Positive reinforcement vs. negative reinforcement

Positive reinforcement vs. negative reinforcement

In the Operant Conditioning, it divided into reinforcement and punishment, and there are positive reinforcement and negative reinforcement. Also, there are positive punishment and negative punishment. Reinforcement is a kind of stimulus that enhance/ increase the probabilities of a certain behavior. We mainly discuss positive reinforcement, which strengthens a response by presenting a typically pleasurable stimulus after a response (Psychology 10th edition, P288). Basically, positive reinforcement is adding a desirable stimulus that will motivate people to increase the probability that engaging the behavior again. A lot of examples can prove my statement. I remember that when I was at primary school, I always missed few points on very easy questions in the exams. It is not terrible but my mother wanted to correct my incaution. She said that whenever I got 100 (full points) in the exams, I could have 10 dollars as prizes. I was stimulated and tried my best to get perfect score in exams. Once I got a perfect score in the exam, my mother will fulfill her promise. Prizes encouraged me to do not make small mistakes but I actually became more circumspective than before.

Let us talk about something related to negative reinforcement. Negative reinforcement occurs when a certain stimulus (usually an aversive stimulus) is removed after a particular behavior is exhibited. The likelihood of the particular behavior occurring again in the future is increased because of removing/avoiding the negative consequence (behavioral consulting, Kelley Prince M.A.). Negative reinforcement is not like punishment. Negative reinforcement is removing or reducing bad things by doing something.
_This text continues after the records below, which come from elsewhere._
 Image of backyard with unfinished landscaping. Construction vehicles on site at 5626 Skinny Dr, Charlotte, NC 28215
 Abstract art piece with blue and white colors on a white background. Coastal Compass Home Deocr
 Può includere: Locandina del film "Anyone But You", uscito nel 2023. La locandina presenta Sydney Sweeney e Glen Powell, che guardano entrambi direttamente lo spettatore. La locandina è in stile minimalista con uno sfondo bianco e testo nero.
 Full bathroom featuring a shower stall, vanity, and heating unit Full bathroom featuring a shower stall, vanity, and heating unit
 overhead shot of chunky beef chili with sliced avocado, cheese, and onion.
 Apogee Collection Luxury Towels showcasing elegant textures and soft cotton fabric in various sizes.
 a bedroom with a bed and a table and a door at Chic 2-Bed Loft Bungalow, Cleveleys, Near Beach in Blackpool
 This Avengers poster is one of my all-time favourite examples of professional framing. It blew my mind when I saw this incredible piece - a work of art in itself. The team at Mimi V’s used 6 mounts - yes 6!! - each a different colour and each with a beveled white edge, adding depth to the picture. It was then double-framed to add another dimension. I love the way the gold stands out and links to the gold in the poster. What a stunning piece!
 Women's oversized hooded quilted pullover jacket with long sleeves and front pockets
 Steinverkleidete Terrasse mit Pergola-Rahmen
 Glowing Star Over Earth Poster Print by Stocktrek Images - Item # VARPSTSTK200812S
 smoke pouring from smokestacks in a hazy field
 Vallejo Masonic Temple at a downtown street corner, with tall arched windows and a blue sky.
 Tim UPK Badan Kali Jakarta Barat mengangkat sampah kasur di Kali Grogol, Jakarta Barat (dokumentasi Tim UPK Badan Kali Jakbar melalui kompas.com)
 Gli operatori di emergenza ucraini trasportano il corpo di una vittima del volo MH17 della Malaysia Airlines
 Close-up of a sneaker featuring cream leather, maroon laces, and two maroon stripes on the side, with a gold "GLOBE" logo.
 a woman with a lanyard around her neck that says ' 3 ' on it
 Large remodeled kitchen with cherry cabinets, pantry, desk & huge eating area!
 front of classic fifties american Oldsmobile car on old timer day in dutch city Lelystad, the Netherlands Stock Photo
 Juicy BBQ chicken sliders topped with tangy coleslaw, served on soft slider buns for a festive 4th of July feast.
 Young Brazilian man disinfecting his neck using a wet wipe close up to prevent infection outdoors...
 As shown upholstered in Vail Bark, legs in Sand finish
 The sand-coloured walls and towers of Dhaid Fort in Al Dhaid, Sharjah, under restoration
For example, I would turn on the windscreen wipers when I saw water on my car’s windscreen. The water on the windscreen disturbs my sight and affect driving. I will turn on the windscreen wipers when I drive in the rain to avoid water staying on my windscreen (educateautism, Gavin Cosgrave)

Positive reinforcements and negative reinforcements exist in our lives commonly. Any decisions we make or any behaviors we do may relate to reinforcement.






5 thoughts on “Positive reinforcement vs. negative reinforcement

  1. Julie Amanda Stair

    Reinforcement adds so much motivation to making people do good things. I remember so many times during my childhood that my reinforcement was used. I spent a lot of time at my grandparent’s house when I was a kid because my mom and dad worked a lot. If I helped my grandmom set the table and clear the table at dinner she would give me a dollar for helping. When I got older she eventually stopped giving me a dollar but I still continued to help her and set the table and I still do to this day. My grandmom reinforcing me caused me to do a good thing automatically the rest of my life. In my opinion reinforcement is one of the most effective way to teach a child to do good things.

  2. Benjamin Daniel Rivera

    I like your post because I can relate with it. As a few said in their comments my parents used the same approach when raising me up. I got negative and positive reinforcement to increase my good behaviors. When I would get a bad grade I would lose things for a certain time period and after only a few times I found myself trying harder so I wouldn’t lose anything I liked. After sometime I realized by doing good I could get more, may that be getting to pick what dinner will be and such, so I tried harder for those reasons. I like you used sources a long with courses material. It shows you really thought it out. Great post!

  3. Taylor Blackford

    Great job explaining these. I had a lot of questions on the last exam about the differences between all the punishments and reinforcements, then throw in positive and negative and its just too much. They should have used different names for each individual thing. Your examples are easy to understand and are a correct interpretations of them. Also good job citing sources!

  4. Madelynne Elizabeth Beard

    These are great examples! My parents used positive reinforcement to get my sister and me to do chores when I was younger. We received an allowance at the end of each week if we made our beds every morning and kept our rooms clean. This is an example of a fixed interval, positive reinforcement. They would try to increase our behavior of making our beds and keeping our clothes picked up, by adding a positive stimulus when that behavior occurred, in this case money. My teachers in elementary school would sometimes use negative reinforcement with our math and spelling quizzes. If we got 100% on the pre-test, then at the end of the week we wouldn’t have to take the real test. This was to increase the behavior of us putting in effort on the pre-test, and rewarded us by taking away a negative stimulus, in this case, the second test.

  5. Matthew Richard Caswell

    The idea of parents using operant conditioning to improve test scores sounds very familiar to me; my parents took a similar approach. Instead of using positive reinforcement and giving a prize for perfect scores like they did for you, mine went the other direction and used negative reinforcement for me. You see, when it came to spelling tests my father would spend anywhere from a half hour to an hour quizzing me on the list of words, which only really ever had twenty words on it for any one test. Studying with him was tedious, and I absolutely hated it. What was worse though, was after studying was done for the rest of the night as I was trying to relax or eat dinner he would randomly yell out a word and I was obligated to spell it perfectly. This annoyed me like nothing else. Where negative reinforcement came in was if I were to get a perfect score on a test, then he would not do his random interval schedule of yelling out words for the next test I had. Positive or negative, either way, reinforcement definitely adds motivation.